Gollum Gollum 20 mars 2018 16:16

@tous


Quelques aphorismes de Nietzsche tirés d’Aurore.. Je ne m’en lasse jamais. smiley

440.
Ne point abdiquer ! — Renoncer au monde sans le connaître, comme une nonne, — c’est aboutir à une solitude stérile, peut-être mélancolique. Cela n’a rien de commun avec la solitude de la vie contemplative chez le penseur : lorsqu’il choisit cette solitude il ne veut nullement renoncer ; ce serait tout au contraire pour lui du renoncement, de la mélancolie, la destruction de soi-même, de devoir persister dans la vie pratique : il renonce à celle-ci, puisqu’il la connaît, puisqu’il se connaît.
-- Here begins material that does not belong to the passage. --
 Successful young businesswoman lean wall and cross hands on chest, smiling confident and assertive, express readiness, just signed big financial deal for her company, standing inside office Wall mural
C’est ainsi qu’il fait un bond dans son eau, c’est ainsi qu’il gagne sa sérénité.

441.
Pourquoi le prochain devient pour nous de plus en plus lointain. — Plus nous songeons à tout ce qui était, à tout ce qui sera, plus nous apparaît atténué ce qui fortuitement se trouve dans le présent. Si nous vivons avec les morts et si nous mourons de leur agonie, que sont encore pour nous les « prochains » ? Nous devenons plus solitaires, — et cela parce que le flot de l’humanité tout entière bruit autour de nous. L’ardeur qui est en nous, l’ardeur qui embrase tout ce qui est humain, augmente sans cesse — c’est pourquoi nous regardons tout ce qui nous entoure comme si c’était devenu plus indifférent, plus semblable à un fantôme. — Mais la froideur de notre regard offense !

491.
À cause de cela la solitude ! — A : Tu veux donc retourner dans ton désert ? — B : Je ne suis pas leste, il faut que je m’attende moi-même, — il se fait chaque fois tard jusqu’à ce que l’eau du puits de mon moi monte jusqu’au jour, et souvent il faut que je souffre de la faim plus longtemps que je n’en ai la patience. C’est pourquoi je vais dans la solitude, pour ne pas boire dans les citernes qui sont là pour tout le monde. Au milieu du grand nombre je vis comme le grand nombre et je ne pense pas comme je pense ; au bout d’un certain temps j’éprouve toujours le sentiment que l’on veut m’exiler de moi-même et me dérober l’âme — et je me mets à en vouloir à tout le monde et à craindre tout le monde. J’ai alors besoin du désert pour redevenir bon.

566.
Vivre à bon compte. — La façon de vivre la meilleure marché et la plus insouciante est celle du penseur : car, pour dire tout de suite ce qui importe, c’est lui qui a le plus besoin des choses que les autres méprisent et abandonnent. — Il se réjouit du reste facilement et ne connaît pas les coûteux accès au plaisir ; son travail n’est pas dur, mais, en quelque sorte, méridional ; ses jours et ses nuits ne sont pas gâtés par le remords ; il se meut, mange, boit et dort selon la mesure qui convient à son esprit, pour que celui-ci devienne de plus en plus tranquille, fort et clair : il se réjouit de son corps et n’a pas de raison pour le craindre ; il n’a pas besoin de société, si ce n’est de temps en temps, pour embrasser ensuite sa solitude avec d’autant plus de tendresse ; les morts le dédommagent des vivants et il trouve même à remplacer ses amis, en évoquant parmi les morts les meilleurs qui aient jamais vécu. — Que l’on se demande une fois si ce ne sont pas les désirs et les habitudes contraires qui rendent la vie des hommes coûteuse, et par conséquent pénible et souvent insupportable. — Dans un autre sens pourtant la vie du penseur est la plus coûteuse, — rien n’est trop bon pour lui ; et être privé de ce qu’il y a de meilleur, ce serait pour le penseur une privation insupportable.